Spock begins his cursory analysis of the Vietnam War with the Soc Rel bestseller On aggression by Konrad Lorenz. With Lorenz's help, he traces aggression in animals from ring doves to humans, while asking the question. "Are we better or worse than animals?" (The animals, of course are unavailable for comment.) Vietnam is reduced to displacement of aggression- we are an aggressive people who project aggression onto minority religions and races, here the Vietnamese. Such a reductionism view explores the racism of the war, but not the economics.

In the introduction to his section on sex roles, Spock says that he is afraid of losing his female supporters because of his views on sex rotes. He is right to be afraid. His argument, that men and women are temperamentally different and should adopt different social roles, nostalgically echoes Don Juan, Uncle Tom, and white supremacist paternalizing. Spock says, "I believe women are designed in their deepest instants to get more pleasure out of life when they are not aggressive. To put it another way. I think that when women are encouraged to be competitive too many of them become disagreeable." He thinks problems arise between the sexes when temperamental differences are not kept clear. Since women are more passive than men, the feminist movement will make women unhappy by making them unnaturally aggressive and competitive.
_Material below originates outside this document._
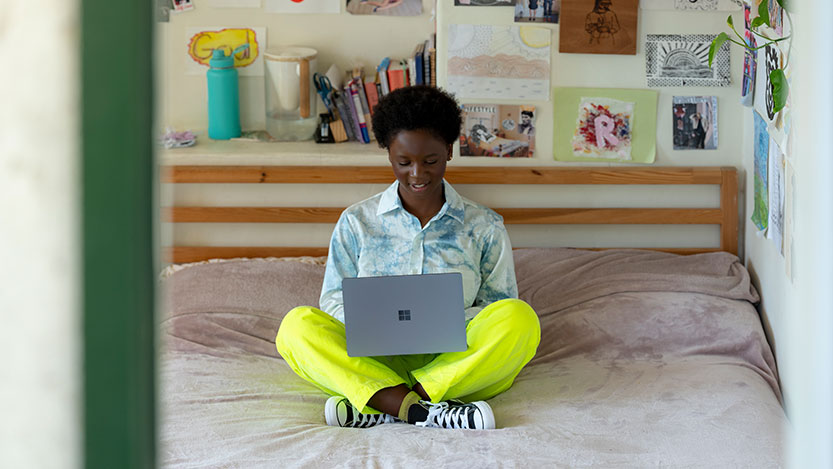 A teenager working with her laptop in her bedroom.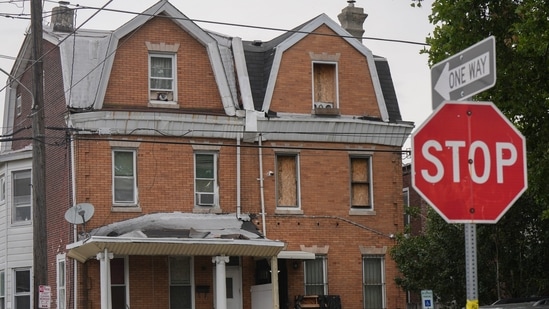 Investigators search a home in the Olney section of Philadelphia, Friday, June 26, 2026. (Jessica Griffin/The Philadelphia Inquirer via AP) (Jessica Griffin/The Philadelphia)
PUBLICITY about Decent and Indecent has centered on the liberal Spock's "reactionary" views on obscenity. He thinks television, movies, and books which brutalize sex, display immorality and violence are destructive to society because. "they assault the carefully constructed inhibitions and sublimations of sexuality and violence that are normal for all human beings and that are essential in the foundation of civilization."

Old Doc Spock seems to imply that it is necessary for us all to be neurotic. He considers the Supreme Court's guidelines on obscenity- works appealing to prurience and utterly lacking in social significance- too limited to curb pornography and media violence effectively.
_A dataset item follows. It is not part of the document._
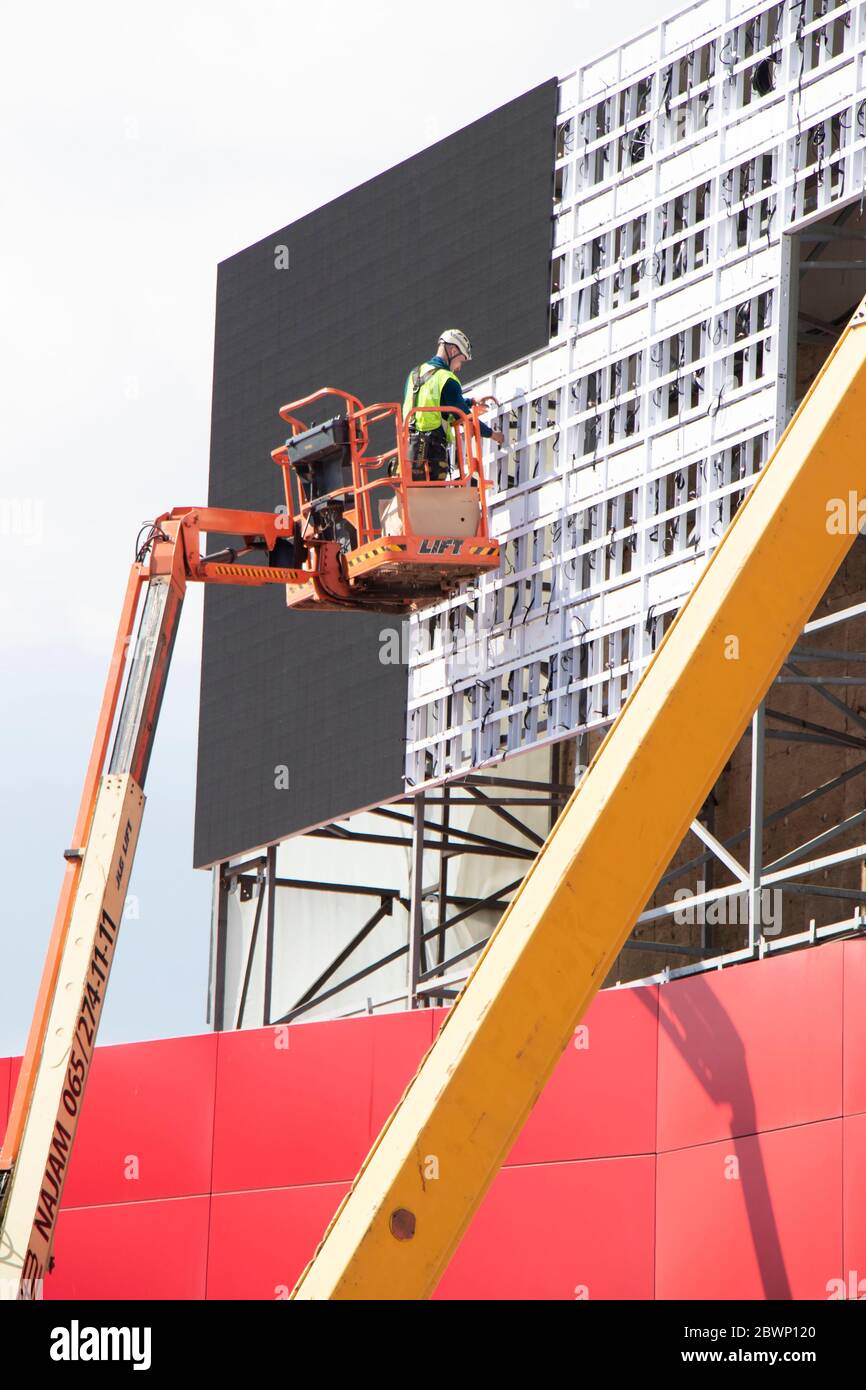 Belgrad, Serbien - 6. Mai 2020: Bauarbeiter im Krankorb installiert Bleche zur Verkleidung der Metallkonstruktion an einer Gebäudefassadenwand Stockfoto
Spock's solution is that judges and juries be given the power to ban works which they find shocking or revolting so that children, his primary concern, will learn healthier attitudes toward sex and learn to sublimate aggression. Spock's faith in the judicial system, bolstered by his acquittal of conspiracy to encourage draft resistance, probably prompted the idea to make judges and juries art critics.
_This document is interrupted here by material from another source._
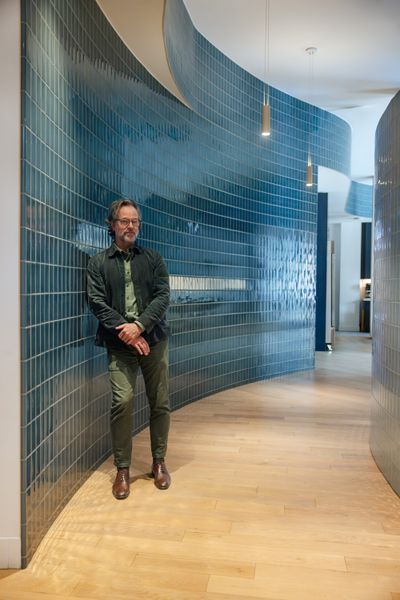 Lead architect Brock James leans against the curved hallway on the first floor. Lined in blue tiles, it represents the flow of water, a symbol of healing and life in Indigenous culture.
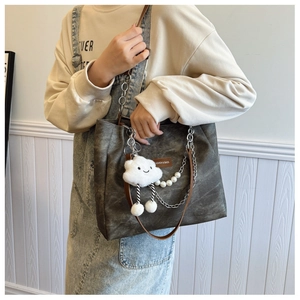 Close-up of vintage canvas tote with leather label, pearl chain, and cloud charm detail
With the power to ban shocking and revolting works, the courts would become enforcers of middle class art standards. Schools, fearing the new court power, would be even more timorous in exposing children to art and literature dealing with sex. ("The Wizard of Oz- there's a dirty old man.")

Obscenity puts dirty thoughts in little minds. Spock wants children to grow up with liberal, healthy attitudes toward sex, but his call for law and order, would, as Mayor Daley said, preserve disorder.